═════ PROVIDED MATERIAL ═════

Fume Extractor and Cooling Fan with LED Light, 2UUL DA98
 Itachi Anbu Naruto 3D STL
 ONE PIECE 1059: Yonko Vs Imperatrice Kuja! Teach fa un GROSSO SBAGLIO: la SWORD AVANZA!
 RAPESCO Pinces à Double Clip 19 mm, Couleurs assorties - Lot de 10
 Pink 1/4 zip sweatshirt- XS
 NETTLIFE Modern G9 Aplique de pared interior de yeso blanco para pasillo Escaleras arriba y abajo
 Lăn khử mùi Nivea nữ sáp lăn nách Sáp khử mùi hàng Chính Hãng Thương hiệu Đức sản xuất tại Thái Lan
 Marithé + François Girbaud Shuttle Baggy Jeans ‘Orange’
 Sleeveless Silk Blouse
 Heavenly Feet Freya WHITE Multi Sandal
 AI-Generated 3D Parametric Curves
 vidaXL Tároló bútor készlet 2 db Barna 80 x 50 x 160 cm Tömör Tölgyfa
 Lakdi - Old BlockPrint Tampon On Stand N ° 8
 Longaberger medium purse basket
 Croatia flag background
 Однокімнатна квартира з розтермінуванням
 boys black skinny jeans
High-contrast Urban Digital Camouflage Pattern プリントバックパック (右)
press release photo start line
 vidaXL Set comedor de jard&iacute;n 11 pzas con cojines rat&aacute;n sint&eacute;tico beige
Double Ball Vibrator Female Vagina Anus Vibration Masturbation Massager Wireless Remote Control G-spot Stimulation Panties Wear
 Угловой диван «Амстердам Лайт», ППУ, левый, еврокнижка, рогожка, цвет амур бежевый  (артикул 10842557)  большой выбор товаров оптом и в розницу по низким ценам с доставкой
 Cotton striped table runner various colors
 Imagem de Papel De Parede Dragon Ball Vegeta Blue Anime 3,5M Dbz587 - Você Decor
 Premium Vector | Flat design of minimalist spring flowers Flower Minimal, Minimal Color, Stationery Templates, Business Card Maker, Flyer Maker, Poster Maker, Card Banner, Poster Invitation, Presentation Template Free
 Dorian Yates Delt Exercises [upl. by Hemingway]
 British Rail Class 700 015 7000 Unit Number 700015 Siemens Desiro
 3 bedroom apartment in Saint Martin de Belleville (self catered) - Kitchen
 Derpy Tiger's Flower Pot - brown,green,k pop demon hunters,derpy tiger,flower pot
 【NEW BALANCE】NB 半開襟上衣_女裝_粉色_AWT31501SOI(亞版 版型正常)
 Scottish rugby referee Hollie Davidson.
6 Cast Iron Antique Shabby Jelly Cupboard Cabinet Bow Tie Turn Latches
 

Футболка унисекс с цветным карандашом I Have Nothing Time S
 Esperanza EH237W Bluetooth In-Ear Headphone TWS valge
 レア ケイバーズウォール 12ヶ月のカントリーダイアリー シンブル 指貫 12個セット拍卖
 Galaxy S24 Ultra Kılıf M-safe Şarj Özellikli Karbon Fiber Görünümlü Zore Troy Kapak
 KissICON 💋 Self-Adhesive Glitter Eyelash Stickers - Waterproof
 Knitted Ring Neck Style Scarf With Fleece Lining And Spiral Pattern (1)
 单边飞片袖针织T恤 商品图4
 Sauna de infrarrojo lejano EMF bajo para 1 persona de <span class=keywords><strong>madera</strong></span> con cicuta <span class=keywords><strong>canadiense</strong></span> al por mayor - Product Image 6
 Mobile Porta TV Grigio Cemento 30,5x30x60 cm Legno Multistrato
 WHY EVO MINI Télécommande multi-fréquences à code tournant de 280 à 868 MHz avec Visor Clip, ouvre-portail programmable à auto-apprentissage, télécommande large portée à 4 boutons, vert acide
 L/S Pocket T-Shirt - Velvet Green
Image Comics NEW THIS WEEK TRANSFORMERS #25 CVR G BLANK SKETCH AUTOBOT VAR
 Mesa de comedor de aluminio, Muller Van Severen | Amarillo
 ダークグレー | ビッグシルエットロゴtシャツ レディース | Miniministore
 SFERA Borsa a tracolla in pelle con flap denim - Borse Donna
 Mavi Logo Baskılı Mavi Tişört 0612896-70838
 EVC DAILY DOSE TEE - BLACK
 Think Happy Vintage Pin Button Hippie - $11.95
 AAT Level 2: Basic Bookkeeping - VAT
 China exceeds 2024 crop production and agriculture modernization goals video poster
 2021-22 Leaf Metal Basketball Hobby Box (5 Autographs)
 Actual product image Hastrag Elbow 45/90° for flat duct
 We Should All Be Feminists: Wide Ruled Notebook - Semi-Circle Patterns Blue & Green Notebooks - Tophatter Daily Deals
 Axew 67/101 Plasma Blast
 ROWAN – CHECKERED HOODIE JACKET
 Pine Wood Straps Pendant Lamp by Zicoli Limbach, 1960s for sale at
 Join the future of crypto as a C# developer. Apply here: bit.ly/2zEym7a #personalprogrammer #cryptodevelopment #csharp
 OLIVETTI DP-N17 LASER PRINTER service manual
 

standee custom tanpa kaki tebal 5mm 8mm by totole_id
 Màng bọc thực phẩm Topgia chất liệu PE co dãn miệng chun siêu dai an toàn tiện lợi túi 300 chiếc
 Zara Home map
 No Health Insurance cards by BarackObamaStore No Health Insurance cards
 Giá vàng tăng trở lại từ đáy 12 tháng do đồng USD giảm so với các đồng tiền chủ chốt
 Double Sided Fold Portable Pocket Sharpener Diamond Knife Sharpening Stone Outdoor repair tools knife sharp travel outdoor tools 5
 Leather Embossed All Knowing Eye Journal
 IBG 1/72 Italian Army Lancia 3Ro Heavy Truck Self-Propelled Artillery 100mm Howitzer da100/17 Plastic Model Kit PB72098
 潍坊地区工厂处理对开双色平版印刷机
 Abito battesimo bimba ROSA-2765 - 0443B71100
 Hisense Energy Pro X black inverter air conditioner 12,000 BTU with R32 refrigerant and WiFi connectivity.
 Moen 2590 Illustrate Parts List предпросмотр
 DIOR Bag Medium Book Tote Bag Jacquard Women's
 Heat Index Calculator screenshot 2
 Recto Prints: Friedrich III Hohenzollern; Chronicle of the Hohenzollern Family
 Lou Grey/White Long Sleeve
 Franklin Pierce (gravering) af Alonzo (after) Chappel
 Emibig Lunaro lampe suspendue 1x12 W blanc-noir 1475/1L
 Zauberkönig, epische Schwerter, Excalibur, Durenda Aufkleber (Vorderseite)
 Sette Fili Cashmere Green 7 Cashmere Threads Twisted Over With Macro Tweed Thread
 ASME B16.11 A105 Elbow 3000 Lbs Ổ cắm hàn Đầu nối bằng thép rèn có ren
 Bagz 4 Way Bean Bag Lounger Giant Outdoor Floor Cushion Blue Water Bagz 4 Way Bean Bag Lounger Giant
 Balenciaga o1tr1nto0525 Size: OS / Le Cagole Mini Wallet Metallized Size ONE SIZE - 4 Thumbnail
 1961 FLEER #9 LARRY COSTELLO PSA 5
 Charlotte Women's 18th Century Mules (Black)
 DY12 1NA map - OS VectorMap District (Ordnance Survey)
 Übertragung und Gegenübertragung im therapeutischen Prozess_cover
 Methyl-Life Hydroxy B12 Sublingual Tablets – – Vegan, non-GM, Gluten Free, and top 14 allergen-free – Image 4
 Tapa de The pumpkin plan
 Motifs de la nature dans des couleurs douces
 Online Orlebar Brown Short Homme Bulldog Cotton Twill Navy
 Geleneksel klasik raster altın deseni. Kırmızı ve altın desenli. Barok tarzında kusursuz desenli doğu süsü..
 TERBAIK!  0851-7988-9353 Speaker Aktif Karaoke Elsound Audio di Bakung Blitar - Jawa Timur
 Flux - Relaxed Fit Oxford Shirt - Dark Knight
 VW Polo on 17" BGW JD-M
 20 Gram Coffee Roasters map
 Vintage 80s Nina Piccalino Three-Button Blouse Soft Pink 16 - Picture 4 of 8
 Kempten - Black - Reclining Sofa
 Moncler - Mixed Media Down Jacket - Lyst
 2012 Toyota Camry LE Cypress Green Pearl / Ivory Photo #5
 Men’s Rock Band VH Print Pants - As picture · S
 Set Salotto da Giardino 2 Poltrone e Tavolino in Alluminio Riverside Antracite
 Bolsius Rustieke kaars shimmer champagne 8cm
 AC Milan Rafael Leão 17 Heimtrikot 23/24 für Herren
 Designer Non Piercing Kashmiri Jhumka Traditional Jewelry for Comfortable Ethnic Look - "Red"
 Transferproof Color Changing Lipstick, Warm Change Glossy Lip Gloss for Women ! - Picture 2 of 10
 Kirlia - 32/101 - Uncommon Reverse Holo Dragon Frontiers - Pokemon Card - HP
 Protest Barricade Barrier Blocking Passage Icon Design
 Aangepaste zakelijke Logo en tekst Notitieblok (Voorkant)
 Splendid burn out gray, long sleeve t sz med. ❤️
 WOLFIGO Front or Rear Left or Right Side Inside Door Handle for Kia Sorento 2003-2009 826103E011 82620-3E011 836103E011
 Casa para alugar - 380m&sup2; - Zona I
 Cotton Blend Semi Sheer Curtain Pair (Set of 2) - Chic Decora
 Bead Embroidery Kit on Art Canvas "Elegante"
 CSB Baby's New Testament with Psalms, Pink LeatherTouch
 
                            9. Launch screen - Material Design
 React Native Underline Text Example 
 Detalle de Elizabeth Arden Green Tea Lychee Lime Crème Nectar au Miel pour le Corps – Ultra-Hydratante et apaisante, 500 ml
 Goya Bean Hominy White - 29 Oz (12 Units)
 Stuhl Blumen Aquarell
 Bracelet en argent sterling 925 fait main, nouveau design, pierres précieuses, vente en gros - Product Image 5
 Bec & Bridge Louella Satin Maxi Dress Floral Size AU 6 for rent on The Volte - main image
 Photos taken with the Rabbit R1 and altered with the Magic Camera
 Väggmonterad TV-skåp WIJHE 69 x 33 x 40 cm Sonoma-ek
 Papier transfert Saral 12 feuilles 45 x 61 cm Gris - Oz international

═════

PROBLEM DETAILS:
Print only what lies in the material above starting at the line with "Übertragung und Gegenübertragung" and ending at the line with "React Native Underline Text Example", every line exactly as given.

WRITTEN SOLUTION:
 Übertragung und Gegenübertragung im therapeutischen Prozess_cover
 Methyl-Life Hydroxy B12 Sublingual Tablets – – Vegan, non-GM, Gluten Free, and top 14 allergen-free – Image 4
 Tapa de The pumpkin plan
 Motifs de la nature dans des couleurs douces
 Online Orlebar Brown Short Homme Bulldog Cotton Twill Navy
 Geleneksel klasik raster altın deseni. Kırmızı ve altın desenli. Barok tarzında kusursuz desenli doğu süsü..
 TERBAIK!  0851-7988-9353 Speaker Aktif Karaoke Elsound Audio di Bakung Blitar - Jawa Timur
 Flux - Relaxed Fit Oxford Shirt - Dark Knight
 VW Polo on 17" BGW JD-M
 20 Gram Coffee Roasters map
 Vintage 80s Nina Piccalino Three-Button Blouse Soft Pink 16 - Picture 4 of 8
 Kempten - Black - Reclining Sofa
 Moncler - Mixed Media Down Jacket - Lyst
 2012 Toyota Camry LE Cypress Green Pearl / Ivory Photo #5
 Men’s Rock Band VH Print Pants - As picture · S
 Set Salotto da Giardino 2 Poltrone e Tavolino in Alluminio Riverside Antracite
 Bolsius Rustieke kaars shimmer champagne 8cm
 AC Milan Rafael Leão 17 Heimtrikot 23/24 für Herren
 Designer Non Piercing Kashmiri Jhumka Traditional Jewelry for Comfortable Ethnic Look - "Red"
 Transferproof Color Changing Lipstick, Warm Change Glossy Lip Gloss for Women ! - Picture 2 of 10
 Kirlia - 32/101 - Uncommon Reverse Holo Dragon Frontiers - Pokemon Card - HP
 Protest Barricade Barrier Blocking Passage Icon Design
 Aangepaste zakelijke Logo en tekst Notitieblok (Voorkant)
 Splendid burn out gray, long sleeve t sz med. ❤️
 WOLFIGO Front or Rear Left or Right Side Inside Door Handle for Kia Sorento 2003-2009 826103E011 82620-3E011 836103E011
 Casa para alugar - 380m&sup2; - Zona I
 Cotton Blend Semi Sheer Curtain Pair (Set of 2) - Chic Decora
 Bead Embroidery Kit on Art Canvas "Elegante"
 CSB Baby's New Testament with Psalms, Pink LeatherTouch
 
                            9. Launch screen - Material Design
 React Native Underline Text Example 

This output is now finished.